Testing whether demand drives growth is difficult because of a standard chicken & egg problem. Does a certain industry see high productivity growth because demand is high, which implies high returns to increasing productivity, or does demand simply react to higher quality and lower prices following productivity gains? To isolate the causal effect of demand on growth, this project exploits that over the course of development, future changes in demand across sectors, industries and products are actually highly predictable based on observable consumption patterns over the income distribution. The reason is Engel’s law: the empirical fact that many goods are consumed very differently by the rich and the poor. For example, richer households spend relatively more on services than on agricultural goods in comparison to poorer households. The same also holds within sectors. For example, relative demand for manufactured medicine and scooters increases with income, but declines for manufactured beverages. The study applies this idea to 25 years of household-level consumption data. Technically, it estimates product-level expenditure shares over the expenditure distribution (so-called Engel curves) in 1987, the first year of our data. The study then shows that if every household in 1987 would simply consume more like a richer household in 1987, implied demand changes predict actual demand changes well. The study then uses these predicted demand changes, which use no information on future changes in relative prices or productivity, as an instrument to understand how changes in demand impacted growth. For this, the study links consumption-level data to data on the production side. Specifically, it looks at industry-level data from India’s input-output tables and representative samples of manufacturing establishments (combining surveys on bigger registered and smaller unregistered manufacturing).

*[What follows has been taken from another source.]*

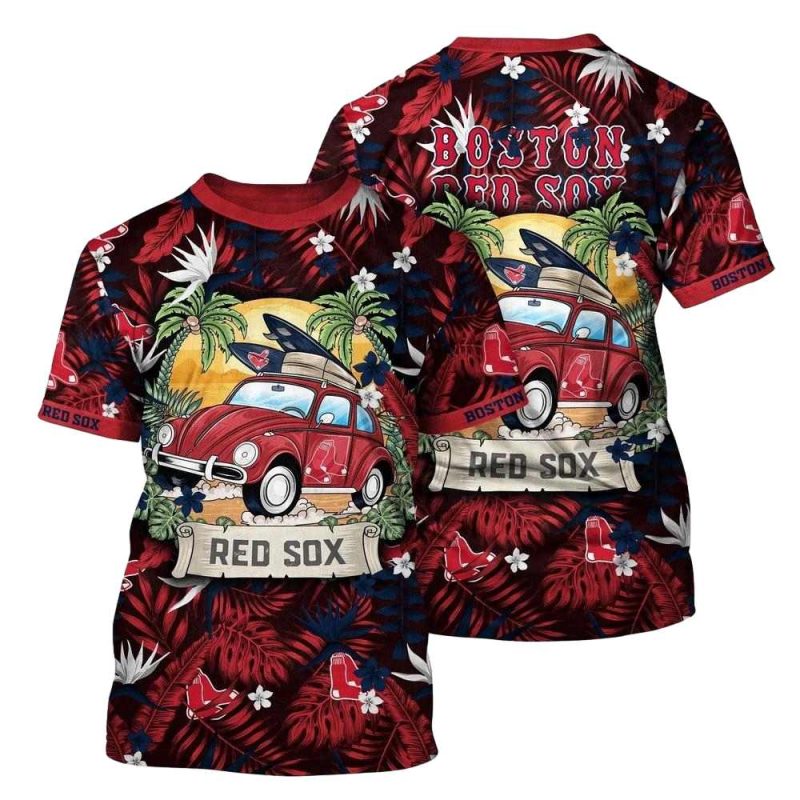 Boston Red Sox Tropical Leaf AOP T-Shirt for Men and Women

Preliminary results indicate that demand changes in India drove mostly a reallocation of economic activity, but did not lead to growth effects. For example, while output, capital, labour and intermediate inputs respond to demand changes, the study finds no clear increases for labour productivity, measures of total factor productivity, or variety growth. The preliminary results may thus caution against the idea that domestic demand will catalyse domestic development. The research team is currently working on validating these empirical results and better understanding which frictions might have prevented demand to drive growth in India over the past 25 years. As countries are seeking for alternatives to export-led growth strategies, better understanding how demand can catalyse future growth is key.